- Exercise details
After locating the line with "押广东卷第1题先秦时期：中华" below, output it and each following line exactly, stopping after the line with "名古屋外国語大学(2021年版) 大学入試シリーズ". No pictures.

- Supplied material
•••••

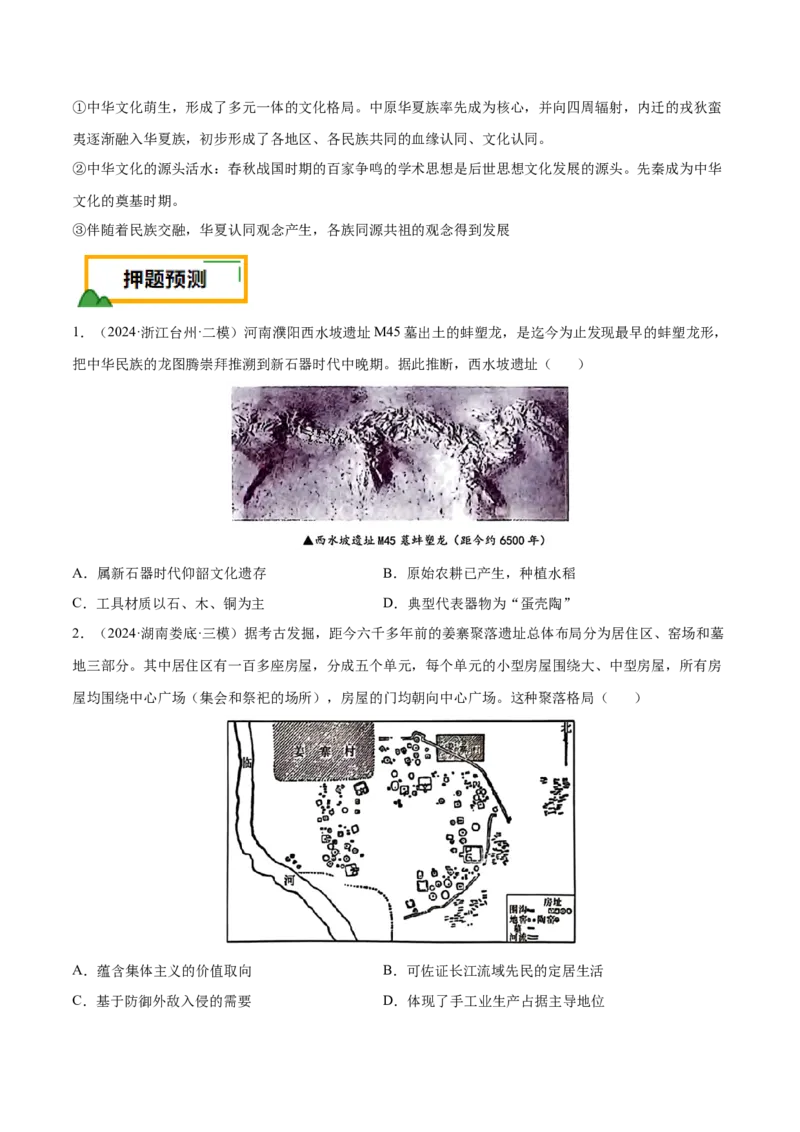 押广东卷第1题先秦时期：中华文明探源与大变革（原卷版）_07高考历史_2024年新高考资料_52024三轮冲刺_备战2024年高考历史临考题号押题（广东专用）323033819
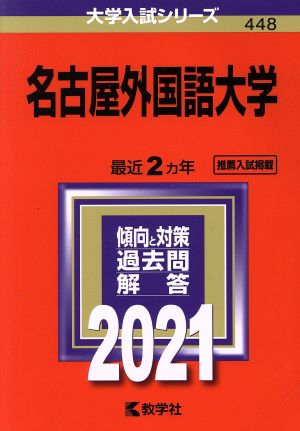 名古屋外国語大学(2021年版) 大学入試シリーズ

•••••

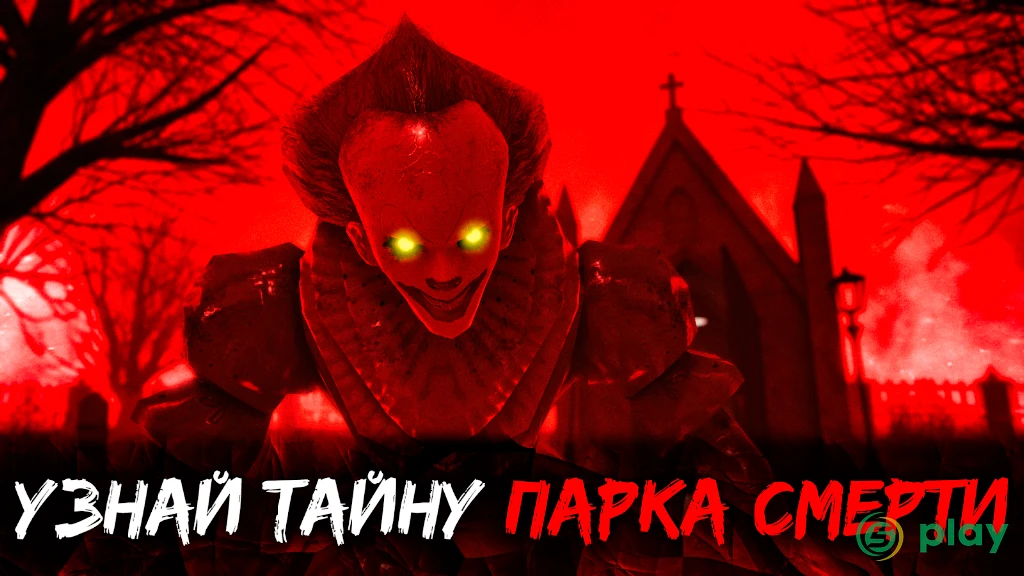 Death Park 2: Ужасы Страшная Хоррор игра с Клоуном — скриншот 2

•••••

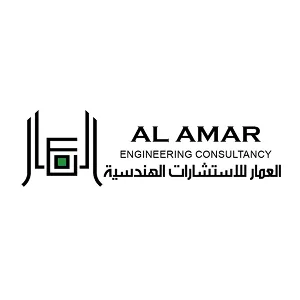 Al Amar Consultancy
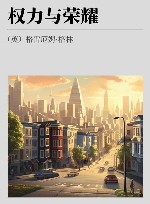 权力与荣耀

•••••

- Exercise result
 押广东卷第1题先秦时期：中华文明探源与大变革（原卷版）_07高考历史_2024年新高考资料_52024三轮冲刺_备战2024年高考历史临考题号押题（广东专用）323033819
 名古屋外国語大学(2021年版) 大学入試シリーズ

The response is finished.